--- TASK STATEMENT ---
Of the lines listed below, return exactly those that run from the line containing "Ход строительства дома" through the line containing "Med stor tomt", both included.

___ TASK INPUT ___

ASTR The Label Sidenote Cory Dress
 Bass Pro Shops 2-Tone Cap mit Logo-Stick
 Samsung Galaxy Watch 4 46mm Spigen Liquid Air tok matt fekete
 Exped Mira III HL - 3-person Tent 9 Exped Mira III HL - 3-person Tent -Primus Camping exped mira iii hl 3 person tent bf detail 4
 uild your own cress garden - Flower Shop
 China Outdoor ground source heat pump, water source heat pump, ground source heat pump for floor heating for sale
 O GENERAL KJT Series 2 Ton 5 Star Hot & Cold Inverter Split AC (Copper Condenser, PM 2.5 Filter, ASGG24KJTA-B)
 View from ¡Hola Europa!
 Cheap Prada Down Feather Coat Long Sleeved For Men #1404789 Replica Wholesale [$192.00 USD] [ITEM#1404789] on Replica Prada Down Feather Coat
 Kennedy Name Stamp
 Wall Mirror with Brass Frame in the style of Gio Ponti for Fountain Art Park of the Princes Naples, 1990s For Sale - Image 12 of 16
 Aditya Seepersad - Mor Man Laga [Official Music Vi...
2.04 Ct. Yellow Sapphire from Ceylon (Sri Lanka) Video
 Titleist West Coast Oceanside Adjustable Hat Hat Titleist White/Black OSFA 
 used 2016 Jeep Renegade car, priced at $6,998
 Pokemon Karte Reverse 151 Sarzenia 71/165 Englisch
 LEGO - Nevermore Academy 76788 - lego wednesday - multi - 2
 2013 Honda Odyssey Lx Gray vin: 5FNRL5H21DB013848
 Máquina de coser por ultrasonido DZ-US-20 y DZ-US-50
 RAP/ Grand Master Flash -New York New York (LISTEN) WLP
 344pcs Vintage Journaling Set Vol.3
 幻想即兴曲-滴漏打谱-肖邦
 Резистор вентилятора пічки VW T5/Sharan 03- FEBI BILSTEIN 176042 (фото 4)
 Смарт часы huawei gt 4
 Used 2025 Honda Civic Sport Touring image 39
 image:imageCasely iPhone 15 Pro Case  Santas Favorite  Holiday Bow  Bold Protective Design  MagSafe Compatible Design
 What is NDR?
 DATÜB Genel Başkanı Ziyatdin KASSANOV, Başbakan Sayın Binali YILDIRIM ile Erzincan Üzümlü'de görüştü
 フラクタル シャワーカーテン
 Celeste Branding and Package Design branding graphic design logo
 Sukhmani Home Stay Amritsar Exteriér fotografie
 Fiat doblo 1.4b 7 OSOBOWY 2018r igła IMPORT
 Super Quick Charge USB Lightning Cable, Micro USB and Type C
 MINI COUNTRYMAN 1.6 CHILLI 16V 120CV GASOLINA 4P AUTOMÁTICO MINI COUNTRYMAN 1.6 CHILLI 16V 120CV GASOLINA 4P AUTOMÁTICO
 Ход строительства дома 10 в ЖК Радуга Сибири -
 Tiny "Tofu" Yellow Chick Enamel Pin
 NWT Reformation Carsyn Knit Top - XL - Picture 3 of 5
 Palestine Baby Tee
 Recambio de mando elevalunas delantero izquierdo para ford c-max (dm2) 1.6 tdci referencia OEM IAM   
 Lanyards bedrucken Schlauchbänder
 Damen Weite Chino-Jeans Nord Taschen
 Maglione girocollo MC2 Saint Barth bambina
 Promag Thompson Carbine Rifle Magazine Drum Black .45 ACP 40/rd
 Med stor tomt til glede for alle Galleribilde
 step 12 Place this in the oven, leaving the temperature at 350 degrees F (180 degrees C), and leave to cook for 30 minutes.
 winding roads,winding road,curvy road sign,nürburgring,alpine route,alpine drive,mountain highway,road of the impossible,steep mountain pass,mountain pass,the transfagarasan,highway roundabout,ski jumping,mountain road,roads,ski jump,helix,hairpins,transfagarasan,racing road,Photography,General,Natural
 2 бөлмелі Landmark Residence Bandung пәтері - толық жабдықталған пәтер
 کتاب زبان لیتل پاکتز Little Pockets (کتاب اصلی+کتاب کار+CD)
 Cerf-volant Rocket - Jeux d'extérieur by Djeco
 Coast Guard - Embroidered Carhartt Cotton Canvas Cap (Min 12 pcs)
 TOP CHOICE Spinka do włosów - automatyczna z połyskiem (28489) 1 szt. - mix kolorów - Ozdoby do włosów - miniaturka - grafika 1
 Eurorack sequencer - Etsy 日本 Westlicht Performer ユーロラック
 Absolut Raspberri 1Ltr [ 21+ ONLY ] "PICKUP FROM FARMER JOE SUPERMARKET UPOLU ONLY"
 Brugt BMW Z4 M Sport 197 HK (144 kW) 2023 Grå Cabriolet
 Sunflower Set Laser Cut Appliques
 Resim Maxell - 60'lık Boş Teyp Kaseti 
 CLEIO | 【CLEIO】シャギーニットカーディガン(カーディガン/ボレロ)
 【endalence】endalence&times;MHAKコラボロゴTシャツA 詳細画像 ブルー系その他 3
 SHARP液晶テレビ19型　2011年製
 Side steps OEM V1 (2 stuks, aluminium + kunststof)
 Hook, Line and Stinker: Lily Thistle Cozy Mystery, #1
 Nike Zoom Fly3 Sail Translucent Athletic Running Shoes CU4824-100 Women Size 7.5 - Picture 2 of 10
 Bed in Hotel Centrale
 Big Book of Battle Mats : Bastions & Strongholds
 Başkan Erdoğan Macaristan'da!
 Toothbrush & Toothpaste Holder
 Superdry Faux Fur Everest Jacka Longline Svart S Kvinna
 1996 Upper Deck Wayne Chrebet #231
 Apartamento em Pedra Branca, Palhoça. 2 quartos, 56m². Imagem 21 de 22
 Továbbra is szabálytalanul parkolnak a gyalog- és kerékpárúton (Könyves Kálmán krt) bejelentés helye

___

--- ANSWER ---
 Ход строительства дома 10 в ЖК Радуга Сибири -
 Tiny "Tofu" Yellow Chick Enamel Pin
 NWT Reformation Carsyn Knit Top - XL - Picture 3 of 5
 Palestine Baby Tee
 Recambio de mando elevalunas delantero izquierdo para ford c-max (dm2) 1.6 tdci referencia OEM IAM   
 Lanyards bedrucken Schlauchbänder
 Damen Weite Chino-Jeans Nord Taschen
 Maglione girocollo MC2 Saint Barth bambina
 Promag Thompson Carbine Rifle Magazine Drum Black .45 ACP 40/rd
 Med stor tomt til glede for alle Galleribilde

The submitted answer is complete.